Posted by Jan Høydahl <ja...@cominvent.com>.
Hi,

Not possible :)
Lucene compares each matching document against the query and produces a score for each.
Documents are not compared to eachother like normal sort, that would be way too costly.

But if you explain your use case, I'm sure we can find ways to express your needs in other ways

Perhaps it is possible for you to use Sort by Function? http://wiki.apache.org/solr/FunctionQuery#Sort_By_Function
Then you can decide exactly what goes into your sort score.
If you want to do conditional stuff, you may need to pre-process your documents a bit and create new fields which can be used in a FunctionQuery.

--
Jan Høydahl, search solution architect
Cominvent AS - www.cominvent.com

On 19. apr. 2011, at 19.02, Michael Owen wrote:

> 
> Hi,
> I want to able to have a custom sorting algorithm such that for each comparison of document results (A v B) I can rank them. i.e. writing a comparator like I would normally do in Java (Compares its two arguments for order.

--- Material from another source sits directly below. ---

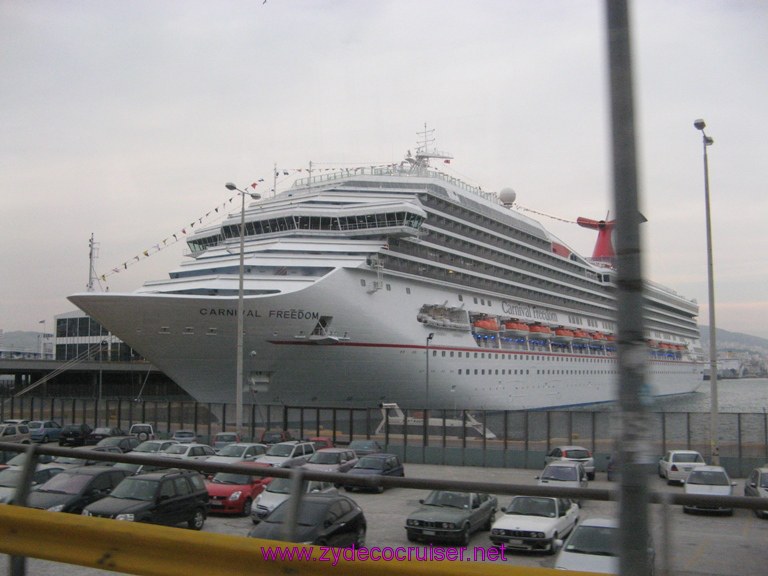 037: Carnival Freedom Inaugural, Ship Pictures, 
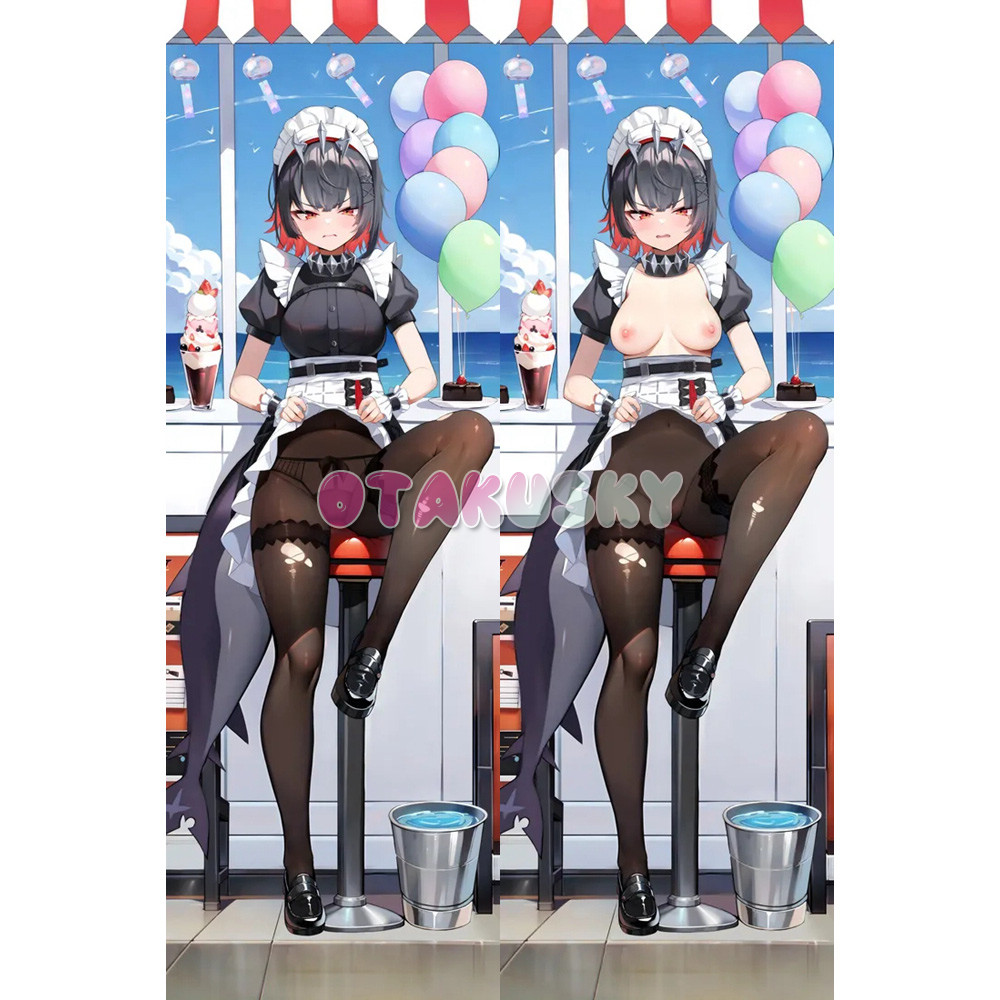 Zenless Zone Zero Dakimakura Ellen Joe Body Pillow Case 06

Returns a negative integer, zero, or a positive integer as the first argument is less than, equal to, or greater than the second).
> In the comparator I want to be able to take into account the score of the results, as well as other fields in the documents.
> I've looked at using things such as the score/boost/bf parameters etc, however, want the flexibility of being able to code the comparator, so I can do if conditions and such.
> Is this possible? And if so what's the best way of doing this? I've upgraded to use the latest version of Solr 3.1, and of course for this use case would expect to have to build from source, in order to add custom source.
> Or/and, when using the score/boost/bf parameters etc - is it possible to use the score parameter in functions, to say scale it between 0 and 1?
> Thanks
> Mike
> 
> 
> 
>